The Advantages of Comp Tickets as a Marketing Tool
“Comps”, “Papering” or “Dressing the House” is a term used in local theatre circles as a means of getting butts in seats. This is a relatively common practice used by theatre producers to fill unsold seats, usually during previews, but sometimes through out the run of a show. Reasons for this practice are varied, but again, the goal is to get people into the seats.
Using comps is a great way to create buzz for you’re soon to be open show, especially during previews. Comps work in two ways in this regard. First, it offers the opportunity to get people into to see your show in the hopes that they walk away loving what they saw and that they will go and tell everyone they know that this show is a must see. Buzz! Another reason why it is important to have people in the seats during previews is that it gives the actors the ability to gauge how a live audience is going to react. From an actor’s perspective, the show will always change depending on the type of audience. Actors need to get a feel for when audiences might laugh, cry or gasp during the production and it allows them to “find a groove.”
Offering comps can also be important when and if your show is going to be reviewed. The problem with trying to pack the house when you know a reviewer is going to come is…you have no idea when they are going to review. Sometimes you may not find out until that person walks through the door and hands you a card and asks for a press packet. So here in lies the rub. How do you determine how many comps or discount tickets to offer before you open? You should have some idea of what your preview performances are going to look like, and if you know that you are not going to have a full house, then start early on making sure that your house is full when you open.

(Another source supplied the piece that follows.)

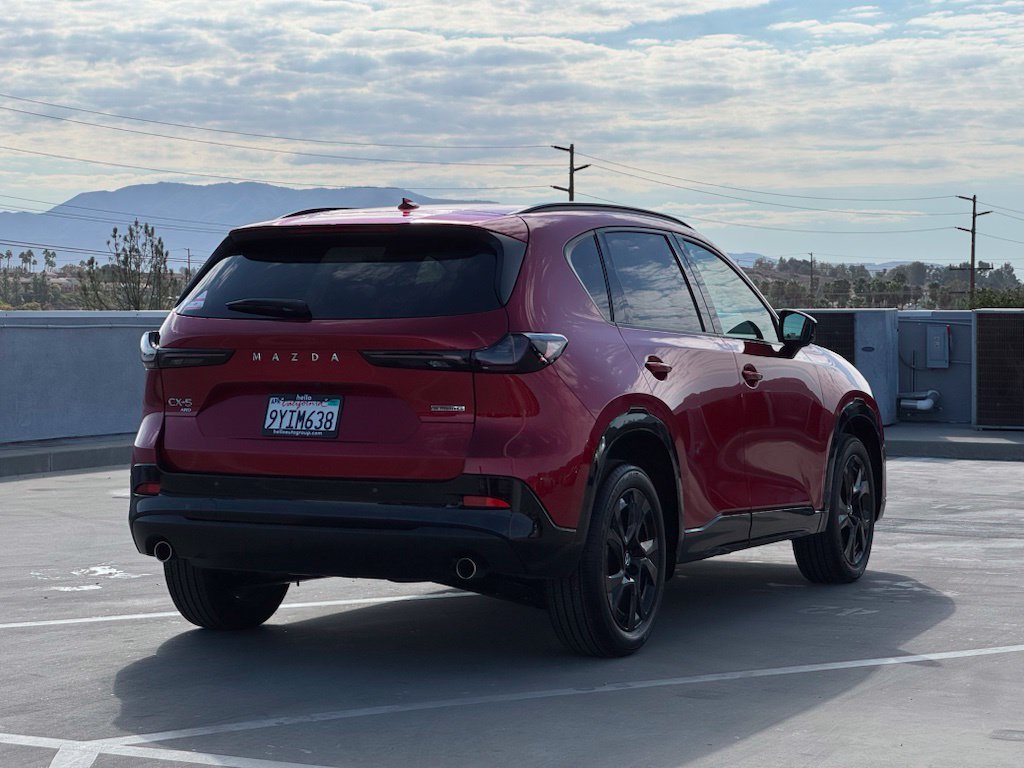 Certified 2026 MAZDA CX-5 2.5 S w/ Premium Plus Package AWD/4WD image 61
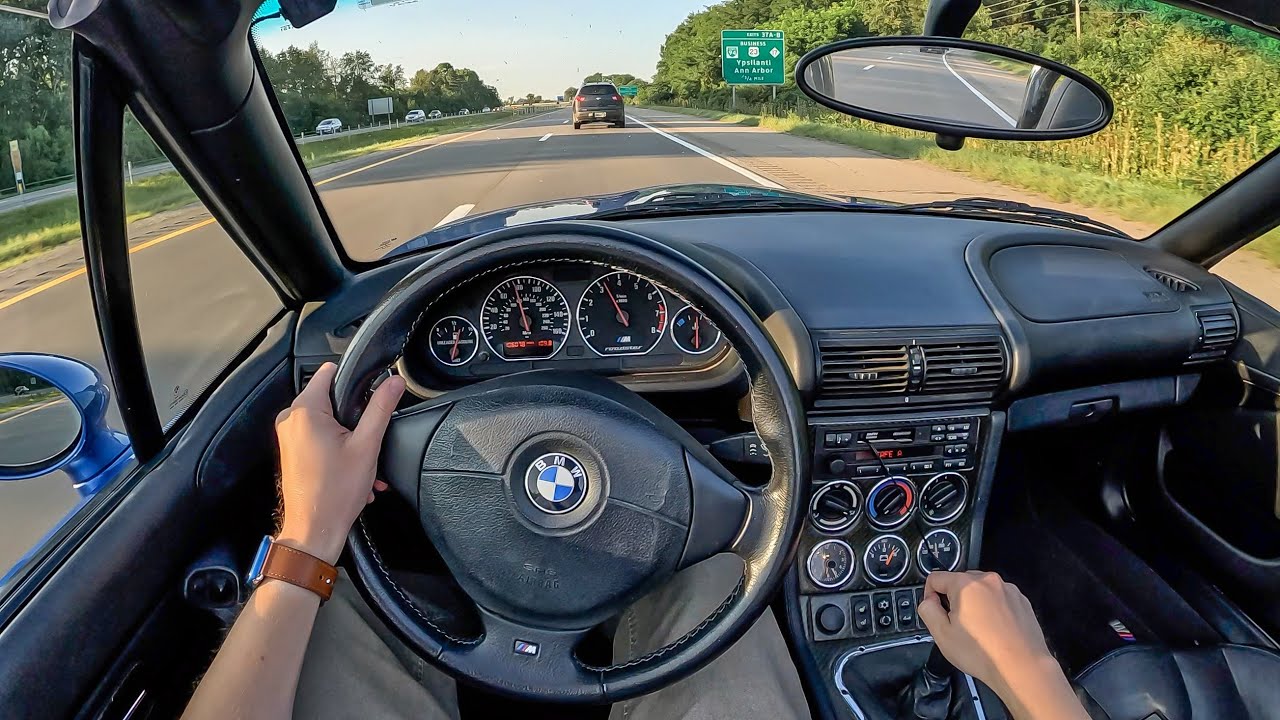 1999 BMW Z3 M Roadster - Living With My Budget M Car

The worst thing that could happen is that you offer comps or discounted tickets and you end up having full houses for the first couple weeks of your run. From a marketing standpoint, you have closed out your inventory and if people are turned away, you have created demand. There is something to be said for a ticket that is difficult to get.
Offering comps is another way to help increase your audience. There is no need to offer comps to your subscribers, as these people will be coming to the show anyway. Try taking a small amount of comps and offer them to a third party ticketing company which will market your show for you to their subscribers. The hope is that these new people come to your show and are left wondering why they have never heard of you or seen a show of yours before. The next time they may choose to come back on a different date that you may or may not be offering these specials, which will ultimately benefit you as you have added to your current clients. And it sure wouldn’t hurt, nor would you be surprised, if they left and told several of their friends about you. Again, your creating Buzz.
When I was acting in Chicago we used to offer industry comps to other theatres, actors, writers etc as a way to help fill the house. Another great way to spread the word about your show and to get people talking. It’s also good way to cultivate new relationships that could prove beneficial down the road in working together on something much bigger.
We have also used comp tickets as a way to barter for goods, supplies, set pieces, donations and a litany of items needed to get a show up and running. Certainly, bartering free tickets for advertising space is one of the best things we have ever done. We worked with a local restaurant and offered them a handful of tickets throughout the run of our show that they could give to guests as they saw fit. In return the offered to drop our postcard with the check to everyone who came in.
“Comps”, “Papering” or “Dressing the House” need not be looked at as lost revenue and should be looked at as an advertising expense. It’s up to you to get creative with how you use these barter bucks.